Ward peered into one of the queer, porthole-like windows, but could make out only a few bleary shapes in the room beyond.

A final precipitous flight of stairs, then they stood before the strange high house. It towered above them. The stone from which it had been constructed, or carved, was as black and dull as the space between stars. The spire far above cut like a ship's prow through the clouds that moved silently overhead. The front door stood open. So dark was this aperture that Ward didn't realise someone was standing in it until Slops spoke.

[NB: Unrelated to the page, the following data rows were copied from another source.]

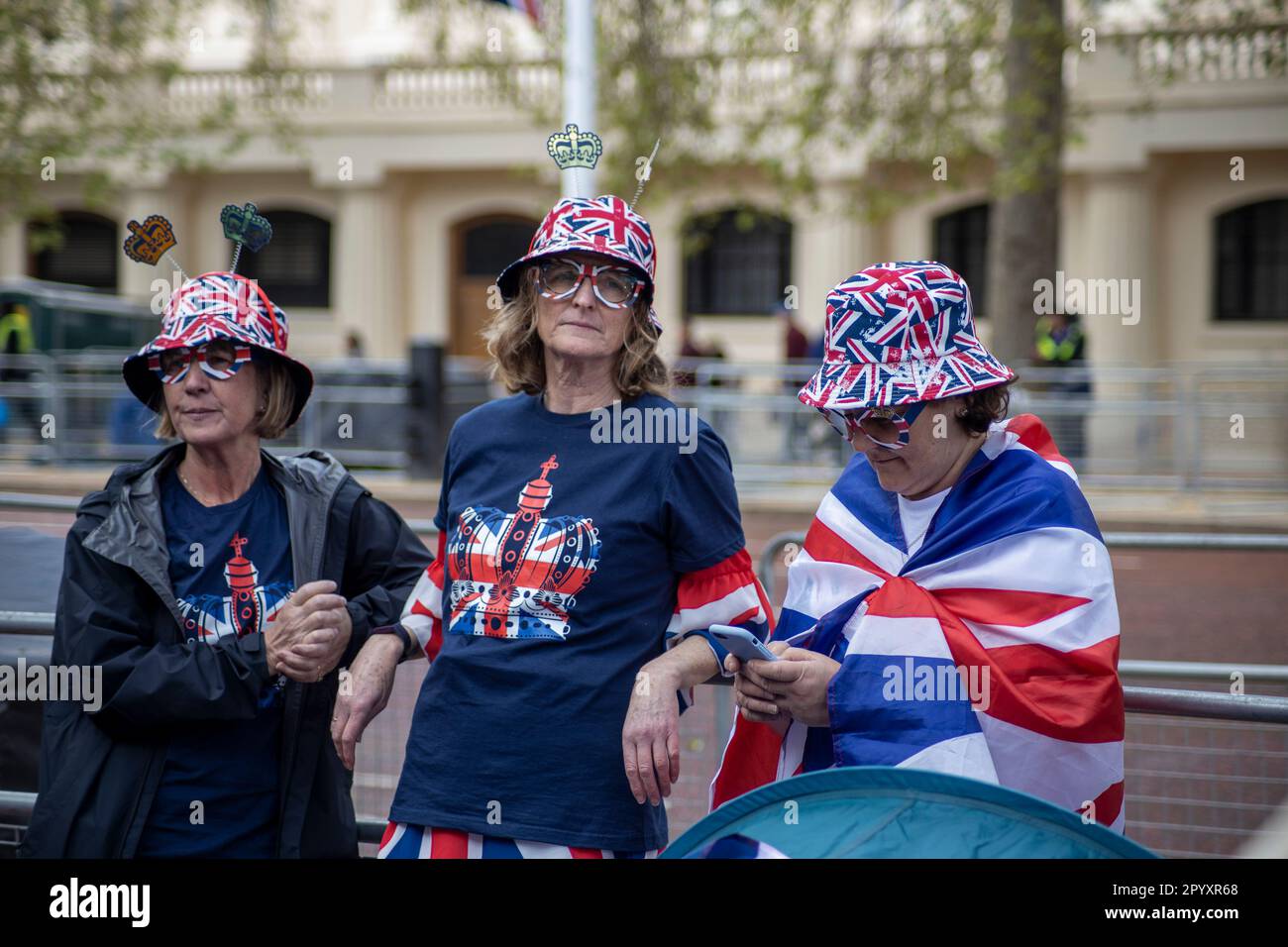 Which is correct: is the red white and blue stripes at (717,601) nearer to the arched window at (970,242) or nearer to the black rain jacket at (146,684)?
the black rain jacket at (146,684)

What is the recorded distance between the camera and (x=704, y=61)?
1809 cm

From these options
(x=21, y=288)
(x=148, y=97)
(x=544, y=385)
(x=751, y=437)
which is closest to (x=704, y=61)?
(x=751, y=437)

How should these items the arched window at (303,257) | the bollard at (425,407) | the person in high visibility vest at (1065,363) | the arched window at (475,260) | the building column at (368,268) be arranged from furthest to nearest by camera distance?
the arched window at (303,257) → the arched window at (475,260) → the building column at (368,268) → the bollard at (425,407) → the person in high visibility vest at (1065,363)

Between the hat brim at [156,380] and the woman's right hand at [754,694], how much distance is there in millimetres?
1257

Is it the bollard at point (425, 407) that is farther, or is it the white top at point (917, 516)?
the bollard at point (425, 407)

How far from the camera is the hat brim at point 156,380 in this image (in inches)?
129

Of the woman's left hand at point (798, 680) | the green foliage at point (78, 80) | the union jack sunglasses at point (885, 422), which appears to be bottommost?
the woman's left hand at point (798, 680)

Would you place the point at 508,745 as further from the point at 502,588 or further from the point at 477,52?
the point at 477,52

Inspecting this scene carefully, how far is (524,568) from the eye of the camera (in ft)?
9.21

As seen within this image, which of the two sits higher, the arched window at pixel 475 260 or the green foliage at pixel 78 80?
the green foliage at pixel 78 80

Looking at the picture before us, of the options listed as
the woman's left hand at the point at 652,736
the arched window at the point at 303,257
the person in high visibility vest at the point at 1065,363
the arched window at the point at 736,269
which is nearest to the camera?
the woman's left hand at the point at 652,736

"Hello. We're here to see the Old One."

"She's expecting you," the person in the doorway croaked, seeming to materialise there as Ward looked on. The words whistled oddly through its small, puckered mouth. The face in which the mouth was set was wrinkled and pallid, the nose long and crooked and overhanging the mouth, the eyes keen gems that glinted out – they were the only thing about the creature that moved. They travelled now from Slops to Ward, then back again. "The rodents can't come in."

How it knew Ward was carrying Fidelma in his pocket, and Slops carrying Leif in his, Ward didn't know. Perhaps it smelled them with that long nose.

"Oh yeh," Slops said, and handed Leif over to the creature. The gillywig remained on the palm of the creature's hand, which Ward suddenly realised only had three fingers. Whether Leif was half asleep, or in shock, Ward couldn't tell, but he didn't try to get away.

"Go on Ward," Slops said. "She'll be safe."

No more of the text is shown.